I am about to do an LBO case study next week, and even though it's not my first one - I think I still don't know how to get to the price. Do you typically leave the entry price blank and model the whole thing out based on say 25% IRR and then use goal seek to get the entry price? Cause the way I was doing it my whole life was to put some approximate dummy for entry price and then manipulate it until the IRR gets to where I need it to be.
Is the goal seek (setting IRR to 25% and having entry multiple as a variable) the way to do it? Sensitivity tables do the same trick as long as you have some idea in what zipcode the price should land.

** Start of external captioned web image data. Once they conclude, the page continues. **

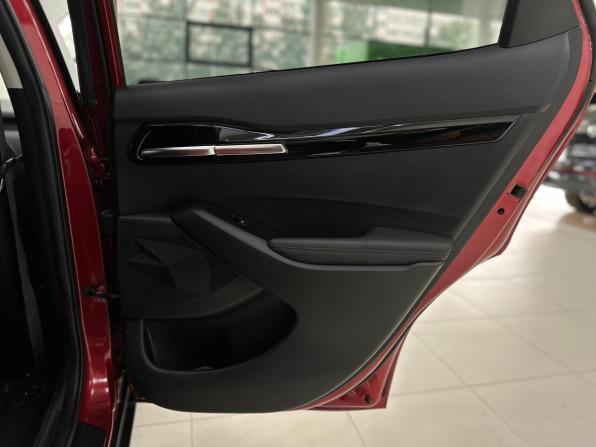 Kia Seltos I с пробегом 2021 года, цена 2 315 000 рублей, 22459 км, внедорожник, Автокод Объявления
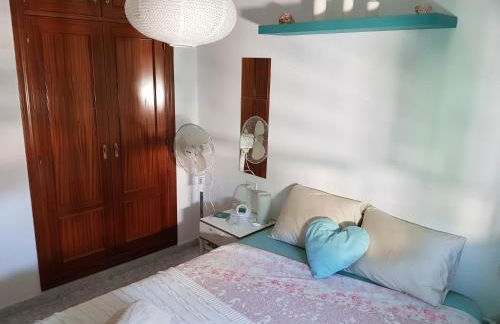 THE HAPPINESS PENTHOUSE Dream Holiday at 100m Beach - Foto 25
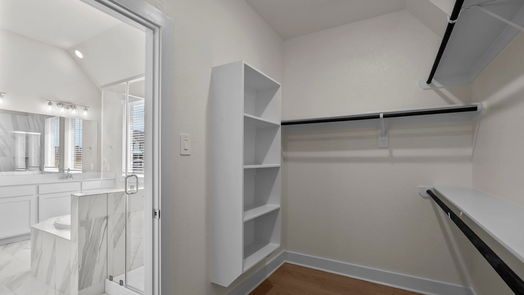 Montgomery 1-story, 3-bed 16524 Gaines Glen Lane-idx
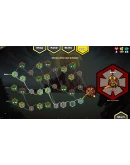 Zero Orders Tactics АВТОДОСТАВКА STEAM РОССИЯ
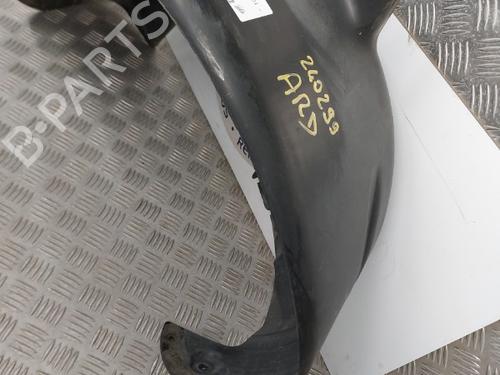 Wheel arch CITROËN C4 CACTUS 1.5 BlueHDi 100 | BP23746733C56 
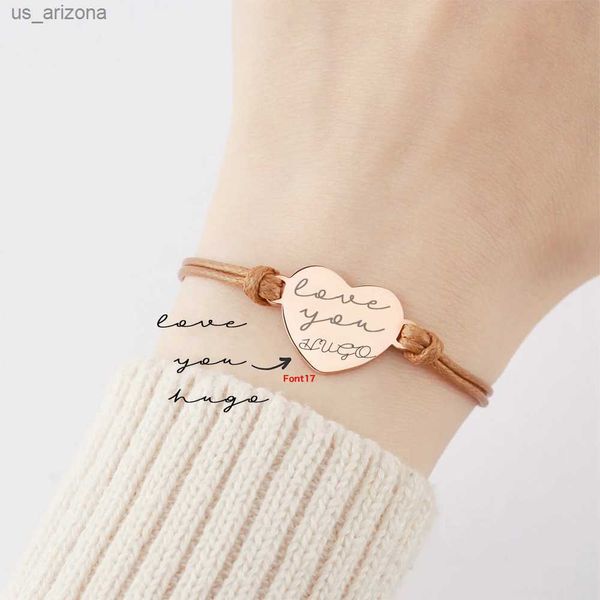 tangula personalized custom inscription bracelet stainless steel name adjustable blessing phrase bracelet gift for woman jewelry l230620, Golden;silver
tangula personalized custom inscription bracelet stainless steel name adjustable blessing phrase bracelet gift for woman jewelry l230620, Golden;silver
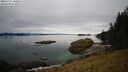 ./images/quadra/tower/20250711/tower20250711_152010M.jpg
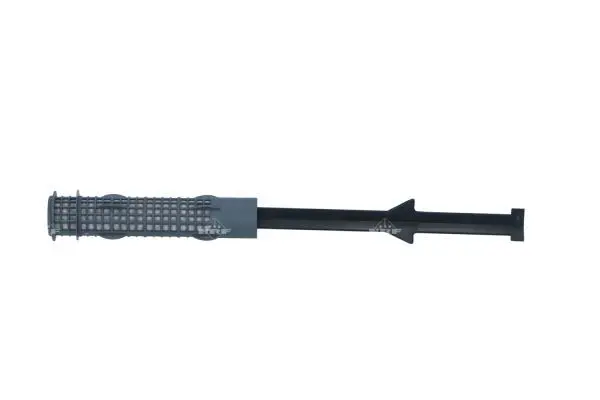 uscator,aer conditionat NRF 33338
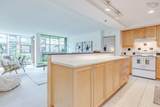 1477 Lower Water Street - Photo 15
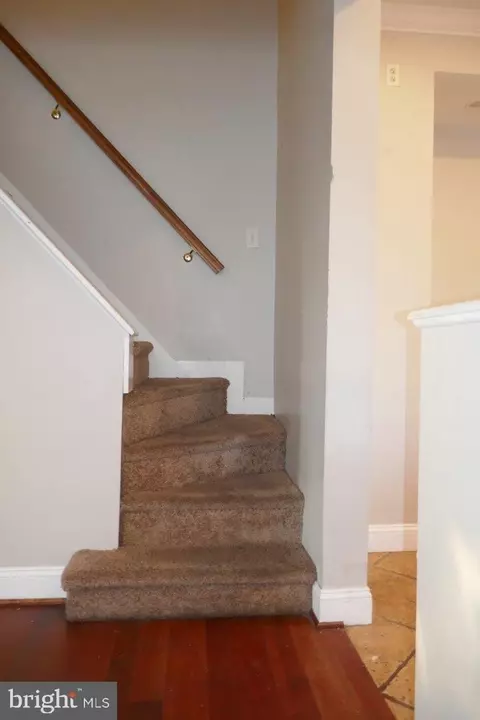 2708 White Ave, Baltimore, MD 21214 photo 15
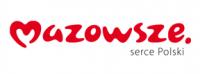 Zarząd Województwa Mazowieckiego zaprasza do współpracy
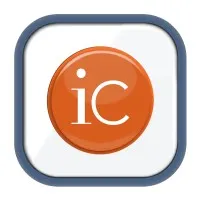 iCreditWorks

In other words - how do you actually derive the price in an LBO?
Again - really sorry for the dumb question, but appreciate some help!
Just to add to that - to model it out you kind of need to know the amount of debt you gonna have but if you find the price in the end of the exercise - how do you even do sources and uses?
Keep it dynamic. Yes, you need to have debt assumptions but they can be LTV/LTC percentages, and fees as basis points, etc. etc. Should not just be a fixed debt amount, if you don't start out with a PP assumption.
When you have an enterprise value, you subtract debt at the end of your LBO investment period to get equity value. Then if you have FDSO, you get price per share.
You have LTM EBITDA and an Entry Multiple for TEV.
Maybe I didn't understand your question right. That's how I did it.
You clearly did not understand his question
There are two main ways to frame it up in my mind:
1. Here are the assumptions made / provided (debt, income statement projections, etc.), and here is what the IRR/MOIC is. Good deal or bad deal, and why?
2. Here are the assumptions you need to believe in order to do the deal (sales grow at x% CAGR, EBITDA margins at y%, buy the company for 8x multiple, etc.)
I think you have the right idea in mind. You should be making debt assumptions based off what is reasonable- what do you typically see in market for senior vs subordinate and look at certain metrics like fixed coverage ratio…for final price, I think you have the right idea. You’re setting the price to get to your target IRR (which could be 20%, 25%, etc.)…obviously, how sensible a price you’re setting depends on your other assumptions.
I’m very new and have an LBO modeling test this week for a generalist fund. What would be a good ballpark of assumptions for debt v. Equity breakdown within purchase price?